Data Breach Laws


PCI DSS Compliance –

Payment Card Industry Data Security Standards (PCI DSS) is a set of security standards designed to ensure that ALL companies that accept, process, store or transmit credit card information maintain a secure environment.

PCI Cost
For most small businesses, they are categorized as level 4 merchants, and PCI compliance costs can be as low as $10/month. The cost is also associated with business type, hardware, software, and other factors.

PCI Violation Penalty (click here for link)
The violation penalty alone can be $5000 – $100,000 per month, passing from credit companies to banks, and eventually to business owners. In most cases, businesses would be notified if there’s a violation of PCI compliance. They can then be charged starting at least $5000/monthly if it has not yet been resolved.

Breakdown of Cost of Data Breaches:

  • Lawyer fees,
  • Mandatory forensic examinations (ave. cost of $20,000-$50,000 per small business),
  • Credit and identity monitoring for victims of the data breach (for up to a year),
  • High cost of setting up call center for victims,
  • Liability for fraud charges lawsuits,
  • Card replacement cost (ave. cost of $3-$10 per card),
  • Upgrading or replacing POS (point-of-sale) systems (depending on the cause of data breach),
  • An external Qualified Security Assessor (QSA) must be hired and brought in to look at the new POS system before a business can accept electronic payment, and then do a complete reassessment for PCI compliance;

California Civil Code on Data Breaches –

California Civ. Code s. 1798.82 (click here for link) –

(h) For purposes of this section, “personal information” means either of the following:
(1) An individual’s first name or first initial and last name in combination with any one or more of the following data elements, when either the name or the data elements are not encrypted:
(A) Social security number.
(B) Driver’s license number or California identification card number.
(C) Account number or credit or debit card number, in combination with any required security code, access code, or password that would permit access to an individual’s financial account.
(D) Medical information.
(E) Health insurance information.
(F) Information or data collected through the use or operation of an automated license plate recognition system, as defined in Section 1798.90.5.
(2) A user name or email address, in combination with a password or security question and answer that would permit access to an online account.

California Civ. Code s. 1798.84 (click here for link) –

(a) Any waiver of a provision of this title is contrary to public policy and is void and unenforceable.
(b) Any customer injured by a violation of this title may institute a civil action to recover damages.
(c) In addition, for a willful, intentional, or reckless violation of Section 1798.83, a customer may recover a civil penalty not to exceed three thousand dollars ($3,000) per violation; otherwise, the customer may recover a civil penalty of up to five hundred dollars ($500) per violation for a violation of Section 1798.83.

California Civil Code s. 1798.29(a) (click here for link) is for state agencies.
California Civ.

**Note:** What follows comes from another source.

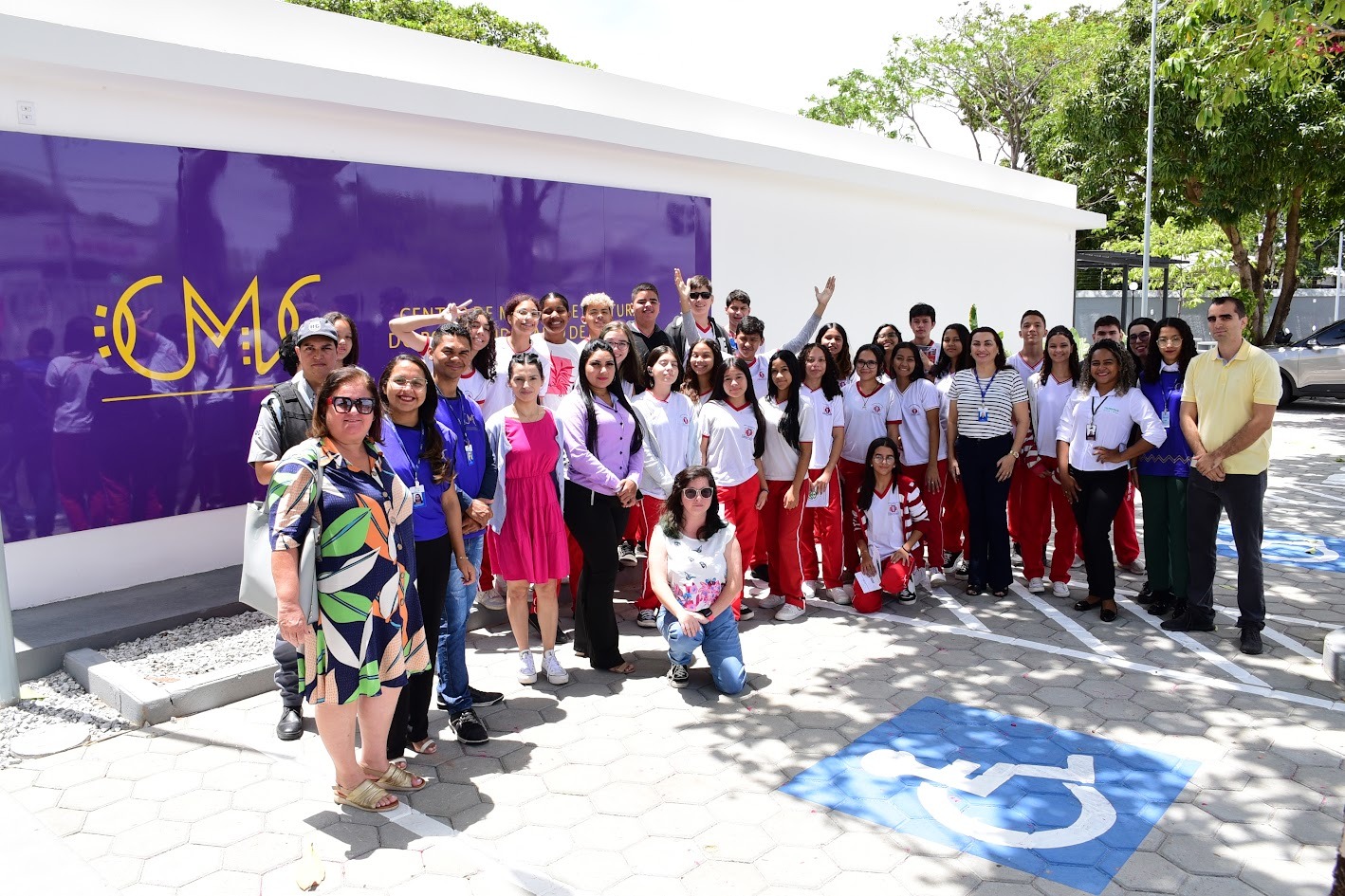 Foto colorida mostrando estudantes do ensino fundamental, juntamente com gestores e professores, além de servidores do Centro de Memória e Cultura, posando para foto em frente a fachada do prédio.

Code s. 1798.82(a)
(click here for link) is for businesses.

Health & Safety Code § 1280.15 (click here for link) – notification requirements applicable to a clinic, health facility, home health agency, or hospice licensed are pursuant to Cal. Health & Safety Code section 1204, 1250, 1725, or 1745.


The HIPAA Breach Notification Rule –

The HIPAA Breach Notification Rule, 45 CFR §§ 164.400-414 (click here for link), requires HIPAA-covered entities and their business associates to provide notification following a breach of unsecured, federally-protected health information. Similar breach notification provisions implemented and enforced by the Federal Trade Commission (FTC), apply to vendors of personal health records and their third party service providers, pursuant to section 13407 of the HITECH Act (click here for more information).

These individual notifications must be provided without unreasonable delay and in no case later than 60 days following the discovery of a breach and must include, to the extent possible, a brief description of the breach, a description of the types of information that were involved in the breach, the steps affected individuals should take to protect themselves from potential harm, a brief description of what the covered entity is doing to investigate the breach, mitigate the harm, and prevent further breaches, as well as contact information for the covered entity (or business associate, as applicable).

Note: This is provided for informational purposes only, not legal advice. For more details on a specific case, please seek legal help.